Blob Blame History Raw
From 03560a7d6e57ca2ba3198d5051acfdd1e345f9a4 Mon Sep 17 00:00:00 2001
From: Jeffrey Cody <jcody@redhat.com>
Date: Tue, 5 Dec 2017 16:03:17 +0100
Subject: [PATCH 12/21] blockjob: Make block_job_pause_all() keep a reference
 to the jobs

RH-Author: Jeffrey Cody <jcody@redhat.com>
Message-id: <e6cd1cf608e4720141f9e3b0d62a5a9721203325.1511985875.git.jcody@redhat.com>
Patchwork-id: 78161
O-Subject: [RHV7.5 qemu-kvm-rhev PATCH 12/11] blockjob: Make block_job_pause_all() keep a reference to the jobs
Bugzilla: 1506531
RH-Acked-by: John Snow <jsnow@redhat.com>
RH-Acked-by: Paolo Bonzini <pbonzini@redhat.com>
RH-Acked-by: Stefan Hajnoczi <stefanha@redhat.com>

From: Alberto Garcia <berto@igalia.com>

Starting from commit 40840e419be31e6a32e6ea24511c74b389d5e0e4 we are
pausing all block jobs during bdrv_reopen_multiple() to prevent any of
them from finishing and removing nodes from the graph while they are
being reopened.

It turns out that pausing a block job doesn't necessarily prevent it
from finishing: a paused block job can still run its exit function
from the main loop and call block_job_completed(). The mirror block
job in particular always goes to the main loop while it is paused (by
virtue of the bdrv_drained_begin() call in mirror_run()).
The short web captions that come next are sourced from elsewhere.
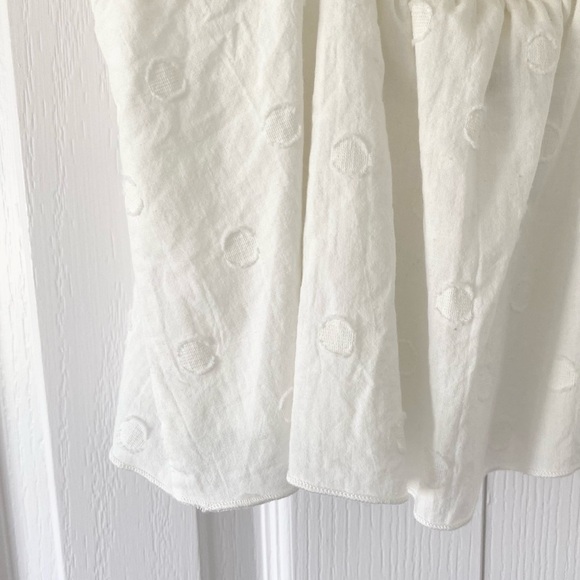 Urban Romantics White Peplum Dotted Top - Picture 4 of 4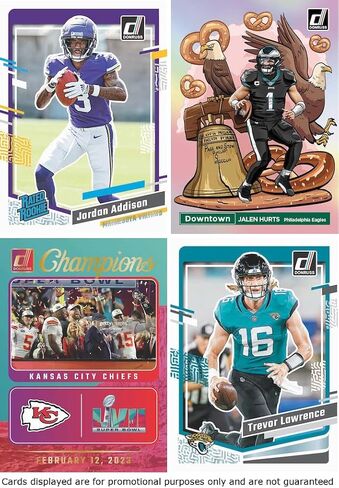 2023 بطاقات التداول Panini NFL Donruss Football Blaster in Saudi Arabia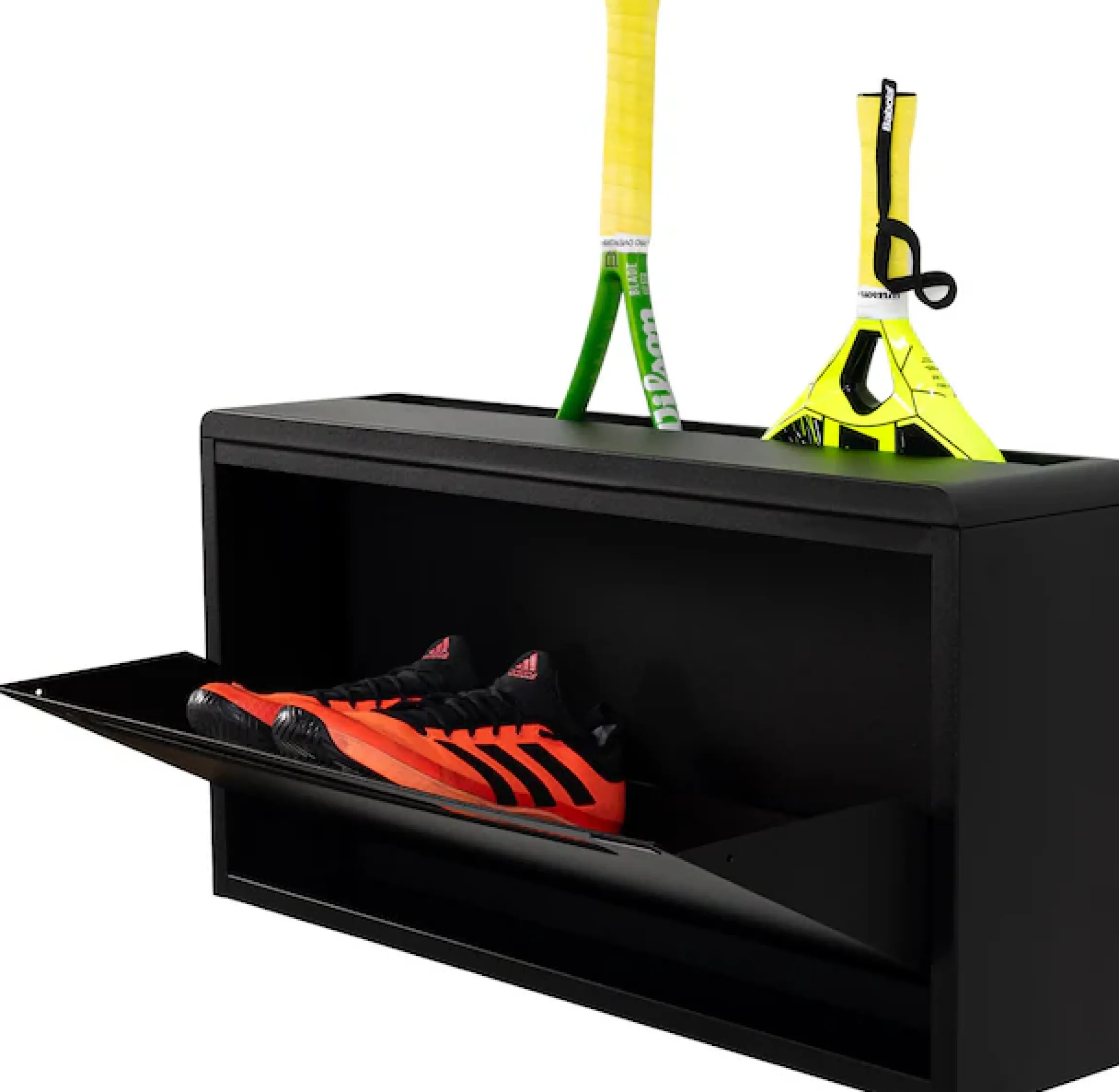 Spinder Design Schuhschrank »LUIGI« Stahlschuhschrank mit Fach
Destroying a paused block job during bdrv_reopen_multiple() has two
consequences:

   1) The references to the nodes involved in the job are released,
      possibly destroying some of them. If those nodes were in the
      reopen queue this would trigger the problem originally described
      in commit 40840e419be, crashing QEMU.

   2) At the end of bdrv_reopen_multiple(), bdrv_drain_all_end() would
      not be doing all necessary bdrv_parent_drained_end() calls.

I can reproduce problem 1) easily with iotest 030 by increasing
STREAM_BUFFER_SIZE from 512KB to 8MB in block/stream.c, or by tweaking
the iotest like in this example:

   https://lists.gnu.org/archive/html/qemu-block/2017-11/msg00934.html

This patch keeps an additional reference to all block jobs between
block_job_pause_all() and block_job_resume_all(), guaranteeing that
they are kept alive.

Signed-off-by: Alberto Garcia <berto@igalia.com>
Signed-off-by: Kevin Wolf <kwolf@redhat.com>
(cherry picked from commit 3d5d319e1221082974711af1d09d82f0755c1698)
Signed-off-by: Jeff Cody <jcody@redhat.com>
Signed-off-by: Miroslav Rezanina <mrezanin@redhat.com>
---
 blockjob.c | 7 +++++--
 1 file changed, 5 insertions(+), 2 deletions(-)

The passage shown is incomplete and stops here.